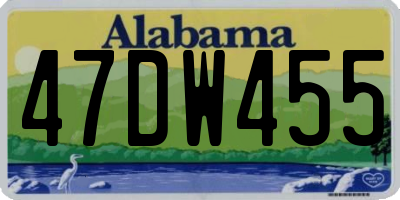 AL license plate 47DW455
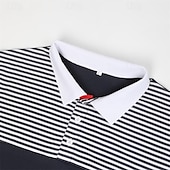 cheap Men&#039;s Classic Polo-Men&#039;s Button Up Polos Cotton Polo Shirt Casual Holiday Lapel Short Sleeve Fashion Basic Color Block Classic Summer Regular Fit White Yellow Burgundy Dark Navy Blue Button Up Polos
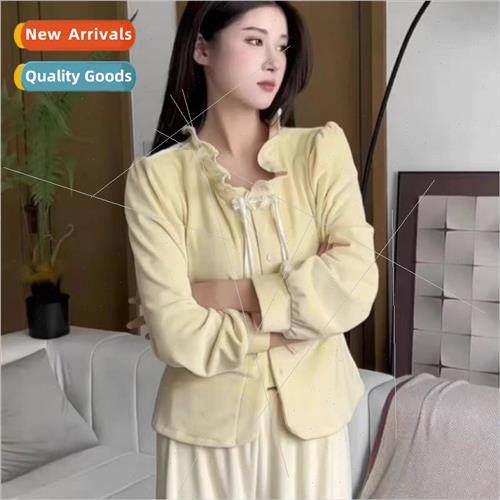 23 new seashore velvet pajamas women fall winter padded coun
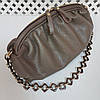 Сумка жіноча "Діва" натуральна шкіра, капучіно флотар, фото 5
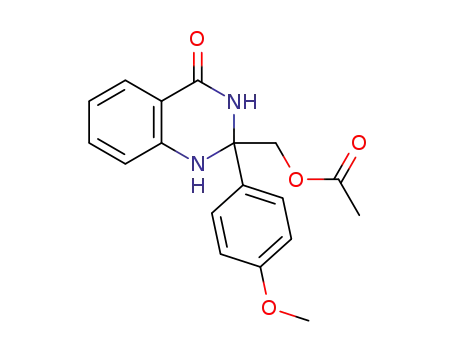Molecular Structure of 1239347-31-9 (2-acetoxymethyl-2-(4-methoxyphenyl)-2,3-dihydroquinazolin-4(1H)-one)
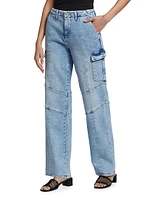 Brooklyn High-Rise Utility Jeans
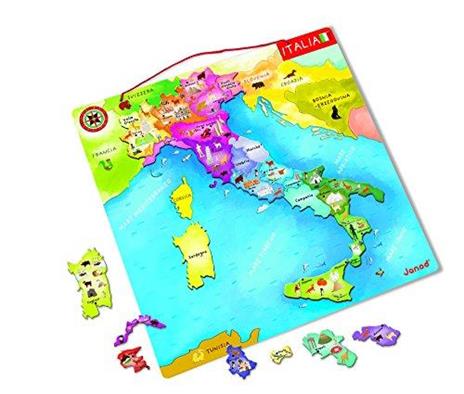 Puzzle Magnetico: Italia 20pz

__________________________________________________

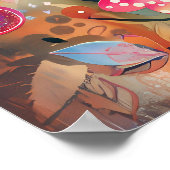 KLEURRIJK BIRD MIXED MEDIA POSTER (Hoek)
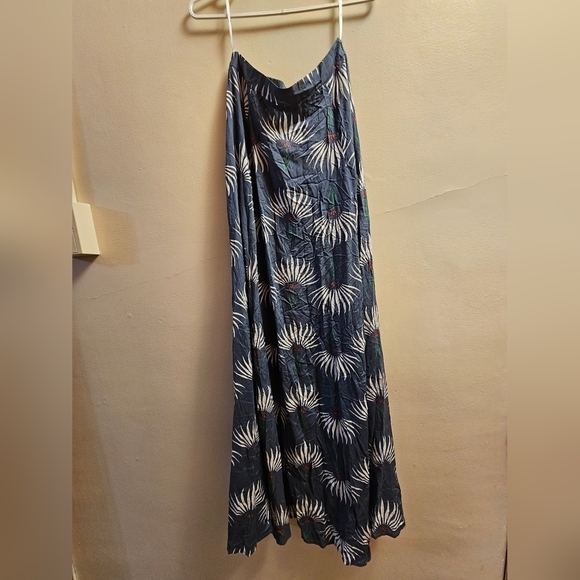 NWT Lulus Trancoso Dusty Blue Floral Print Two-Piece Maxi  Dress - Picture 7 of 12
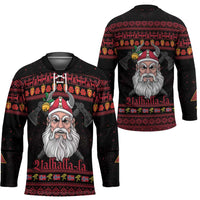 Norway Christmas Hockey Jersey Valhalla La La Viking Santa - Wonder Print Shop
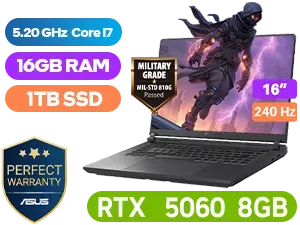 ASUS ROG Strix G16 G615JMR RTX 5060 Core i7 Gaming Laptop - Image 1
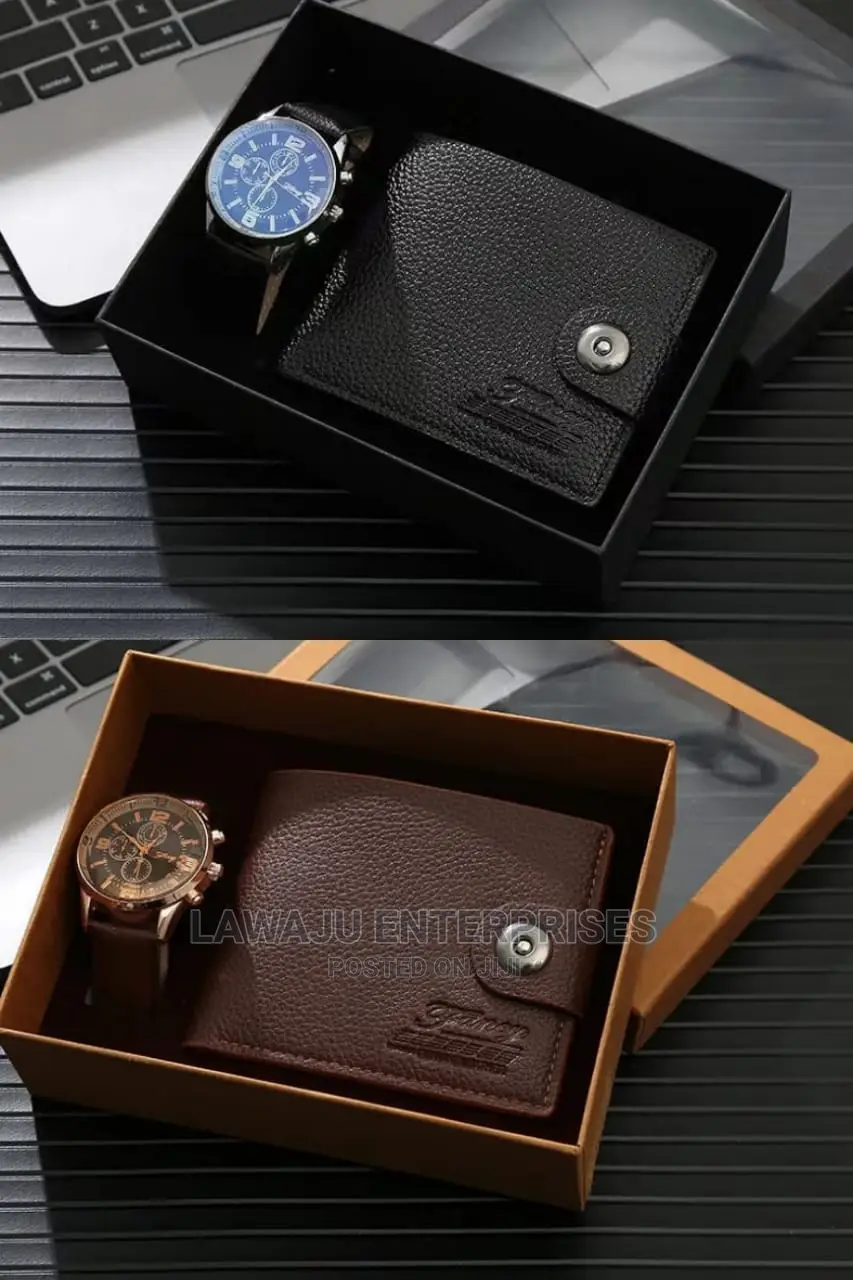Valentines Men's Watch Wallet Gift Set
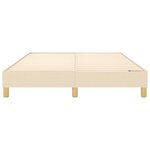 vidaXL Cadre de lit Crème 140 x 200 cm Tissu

__________________________________________________

Your assignment:
Beginning with the line above that contains "AL license plate 47DW455" and finishing with the line that contains "Molecular Structure of", print those lines exactly and only. Skip all pictures.

Answer:
 AL license plate 47DW455
 cheap Men&#039;s Classic Polo-Men&#039;s Button Up Polos Cotton Polo Shirt Casual Holiday Lapel Short Sleeve Fashion Basic Color Block Classic Summer Regular Fit White Yellow Burgundy Dark Navy Blue Button Up Polos
 23 new seashore velvet pajamas women fall winter padded coun
 Сумка жіноча "Діва" натуральна шкіра, капучіно флотар, фото 5
Molecular Structure of 1239347-31-9 (2-acetoxymethyl-2-(4-methoxyphenyl)-2,3-dihydroquinazolin-4(1H)-one)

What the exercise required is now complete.